The Complications of the News Embargo
The news embargo is a tricky tool to use right. The goal is to get more thoughtful, in-depth coverage of your news and/or event by giving reporters early access to the background information (for example, a press release, copy of a report, or interview) while still achieving your ideal publication date. The embargo is just a gentlemen's agreement that you're providing early access on the condition that the reporter/s will hold publication until after the embargo date.

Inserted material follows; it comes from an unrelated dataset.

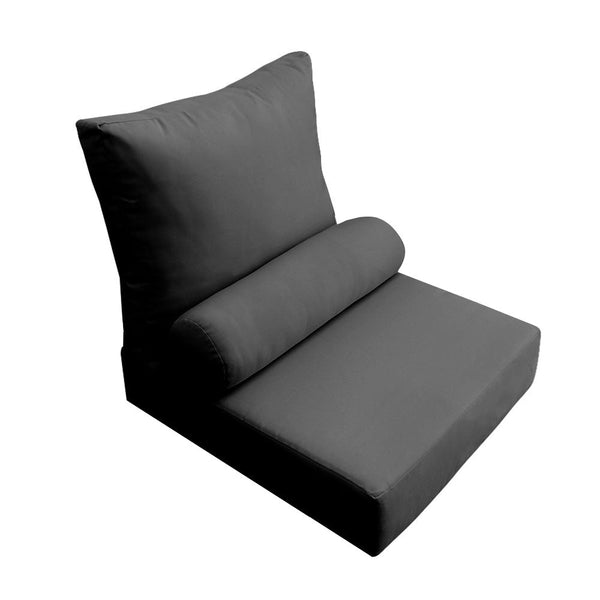 Medium Size 24x26x6 Knife Edge Outdoor Deep Seat Backrest Cushion with Bolster, Water Repellent Patio Cushion Insert and Cover Set AD003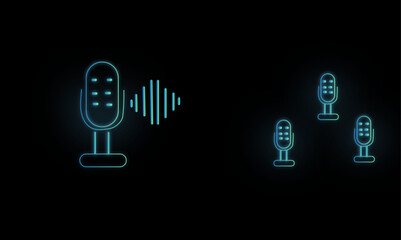 Blue microphone sound, radio signal, voice, music background.  Abstract microphone volume voice technology vibrate wave and music background. microphone vector sign background.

Ryan Lawler has an article on Techcrunch about how a news embargo can go wrong for the organization trying to create the news -- and for the journalists covering it. In this case, a startup company held an event for reporters in advance of the public launch of their service. Whether intentionally or not, one of the news sites covering the event broke the embargo. By the time the company lifted the embargo, the other reporters were already twelve hours behind. On the web that's a lifetime, and as a result those reporters weren't inclined to write about "old news." So not only was the first story on the company's launch much earlier than they would have liked, it very well could have been the only story.

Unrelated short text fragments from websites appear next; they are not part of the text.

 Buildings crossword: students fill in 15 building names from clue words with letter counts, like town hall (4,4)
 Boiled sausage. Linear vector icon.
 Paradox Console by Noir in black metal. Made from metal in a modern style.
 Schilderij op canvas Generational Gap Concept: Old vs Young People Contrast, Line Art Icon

Today, the news embargo is like the prisoner's dilemma: you're asking journalists to bet that their colleagues won't break the agreement when they often have every incentive to do so. Nearly all reporters will honor an embargo almost all of the time, or at least intend to, but you can also run afoul of the mechanics of pre-scheduled posting and idle social media comments . In my opinion, the safest use of an embargo is to release background information for a press event no earlier than 24-hours beforehand. That way print reporters have a chance to do some background work and line up other sources, but even if the embargo is broken and the news comes out early, TV will still have an incentive to cover the event itself, if only for B-roll. An embargo also works best when as few people as possible are beholden to it, so if you have very few reporters who are going to be interested in the story anyway because of it specificity of interest, giving them early access can be both safe and valuable to them.
Like all public relations tools, the news embargo can be useful in the right circumstances, but it carries complications that can make it not worth the effort.